Yellow Days brengt een melodieuze cocktail van invloeden op ‘A day in a yellow beat’

door Tadhg Waters

Sinds het uitbrengen van zijn debuut ‘Is everything okay in your world?’ in 2017, is de Britse artiest Yellow Days bezig aan een geleidelijke opmars binnen de indie-wereld. Nu heeft de 21-jarige George Van Den Broeck een vervolg klaar. ‘A day in a yellow beat’ is een ambitieus project geworden. Het maar liefst een uur en zeventien minuten durende album telt 23 nummers, en bevat net als zijn debuut weer enkele interessante samenwerkingen. Van Den Broeck heeft duidelijk wat te zeggen. Zelf beschreef hij de plaat dan ook als “upbeat existential millennial music”.

Het verhaal dat Yellow Days ons wil vertellen op ‘A day in a yellow beat’ wordt bijgestaan door het gebruik van verschillende audiofragmenten. Op de toepasselijk getitelde opener van het album, ‘Intro’, krijgen we bijvoorbeeld een interview met Ray Charles te horen over de muziekindustrie en de toegenomen druk van platenlabels op jonge artiesten. Yellow Days lijkt zich hier echter niet door te laten hinderen, en doet gewoon wat hij zelf wil. ‘Intro’ gaat vervolgens vlot over in het funky en opzwepende ‘Be free’, waarin Van Den Broeck meteen alles uit de kast haalt.Strakke drums en speelse gitaren vormen de gepaste begeleiding voor de soulvolle stem van de Brit. “You’ve got te be free” croont hij herhaaldelijk.

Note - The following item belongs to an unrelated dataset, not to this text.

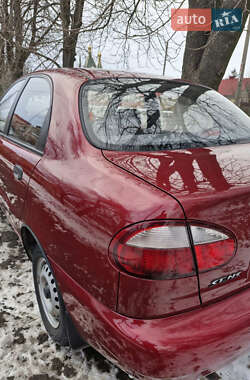 Седан Daewoo Sens 2006 в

Voor de opnames van het album ruilde de jonge multi-instrumentalist zijn vaste tot studio omgebouwde tuinhuis in Hampshire in voor een professionele studio in Los Angeles, in een zoektocht naar nieuwe inspiratie en samenwerkingen. Die inspiratie vond hij bij het werk van oude soul-legendes zoals Curtis Mayfield, Ray Charles, Marvin Gaye en Stevie Wonder. Die invloed is doorheen de plaat goed te horen, zoals in het up tempo ‘Who’s there’. De gitaarklanken aan het begin van het nummer doen wat denken aan de befaamde gitaarriff in Stevie Wonders ‘Superstition’. De achtergrondzang wordt verzorgd door de 67-jarige Shirley Jones, die in de jaren ’80 deel uitmaakte van het Amerikaanse r&b-trio The Jones Girls en Van Den Broecks instrumentatie hier van een retro geluid voorziet. In ‘Open your eyes’ keert de zangeres terug om dat trucje nog eens over te doen en ons mee te nemen naar de soulvolle klanken uit het verleden.

In het korte ‘!’ laat Van Den Broeck het croonen even achterwege, en schakelt hij de hulp in van rapper Bishop Nehru. Diens nogal ongeïnspireerde raps lijken echter maar weinig bij te dragen aan het album. Op ‘A day in a yellow beat’ zijn er volgens ons nog wel meer experimenten te vinden die Van Den Broeck beter achterwege had gelaten. De interludes ‘Come groove’ en ‘Something special’, zijn muzikaal niet interessant genoeg om de aandacht vast te houden. Ook ‘Keeps me satisfied’, een rustiger laid back nummer, bevat te weinig sterke en opmerkelijke elementen.

Vooruitgeschoven single ‘The curse’ doet alsnog een verdienstelijke poging om de interesse terug op te wekken. De stem van Van Den Broeck klinkt erg krachtig boven op de groovy instrumentatie, die bovendien gemaakt werd met de hulp van collega indie-held Mac Demarco, waarmee Yellow Days vaak vergeleken wordt. Demarco voorziet ‘The curse’ van zijn typerende snelle gitaarlijntjes. Afsluiter ‘Love is everywhere’ doet dan weer bij momenten denken aan de snelle funk van de hedendaagse jazz vedette Thundercat, dankzij de strakke bas riffs en het hoge stemgeluid van Van Den Broeck.

De concentratie hoog houden blijkt het grootste struikelblok van het album te zijn, dat te weinig variatie bevat en bij momenten de focus lijkt te verliezen. Naarmate ‘A day in a yellow beat’ vordert lijken de nummers meer en meer in elkaar over te vloeien, zonder echte uitschieters, waardoor we slechts het gevoel krijgen dat we naar aangename achtergrondmuziek aan het luisteren zijn.